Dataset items
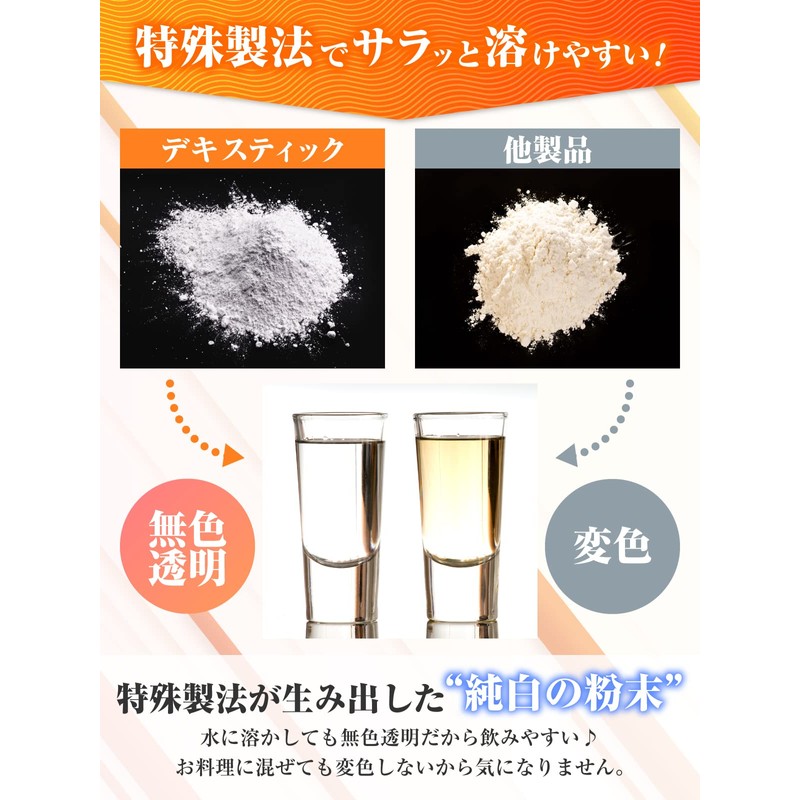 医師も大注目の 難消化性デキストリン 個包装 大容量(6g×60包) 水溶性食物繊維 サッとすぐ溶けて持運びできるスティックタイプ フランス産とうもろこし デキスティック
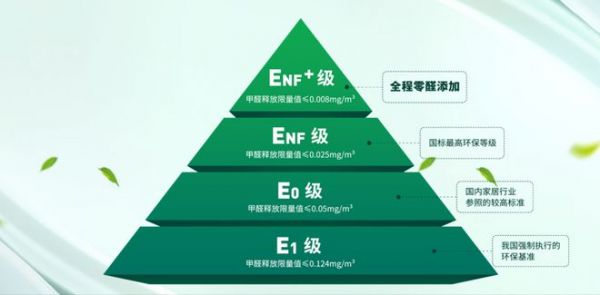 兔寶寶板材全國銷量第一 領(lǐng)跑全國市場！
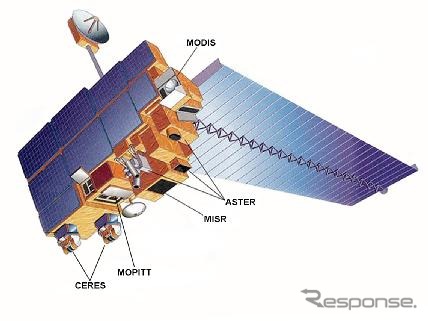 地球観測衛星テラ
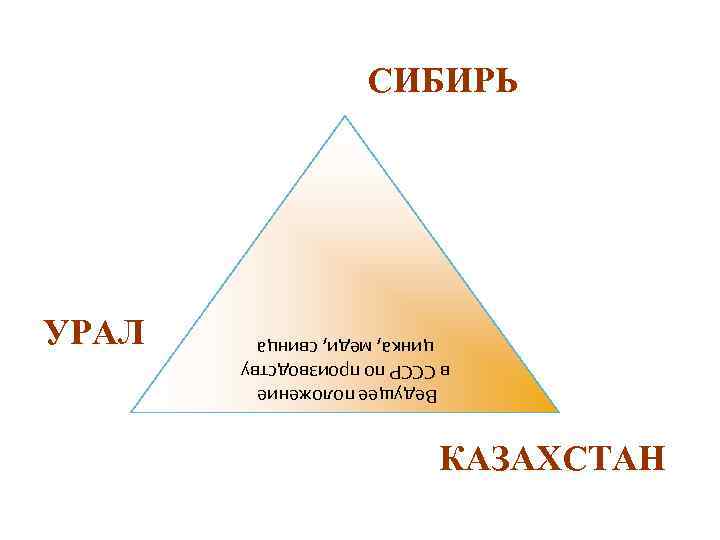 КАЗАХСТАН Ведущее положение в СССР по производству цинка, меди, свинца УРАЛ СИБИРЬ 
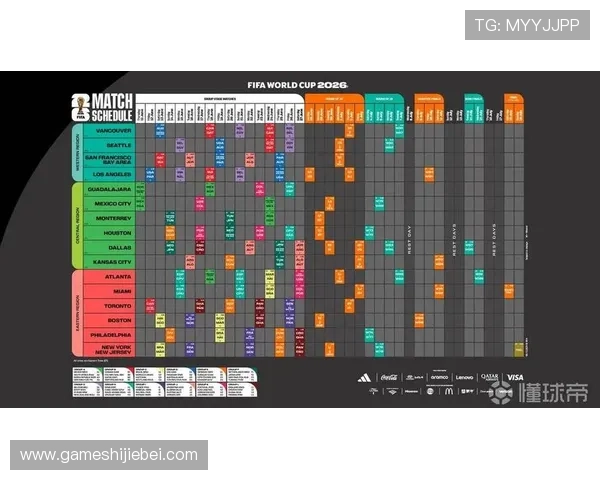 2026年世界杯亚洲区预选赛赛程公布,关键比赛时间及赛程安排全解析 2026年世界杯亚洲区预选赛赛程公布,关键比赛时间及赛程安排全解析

▶ Task instructions:
Would you print all of the entries exactly, omitting any image?

▶ Response to the exercise:
 医師も大注目の 難消化性デキストリン 個包装 大容量(6g×60包) 水溶性食物繊維 サッとすぐ溶けて持運びできるスティックタイプ フランス産とうもろこし デキスティック
 兔寶寶板材全國銷量第一 領(lǐng)跑全國市場！
 地球観測衛星テラ
 КАЗАХСТАН Ведущее положение в СССР по производству цинка, меди, свинца УРАЛ СИБИРЬ 
 2026年世界杯亚洲区预选赛赛程公布,关键比赛时间及赛程安排全解析 2026年世界杯亚洲区预选赛赛程公布,关键比赛时间及赛程安排全解析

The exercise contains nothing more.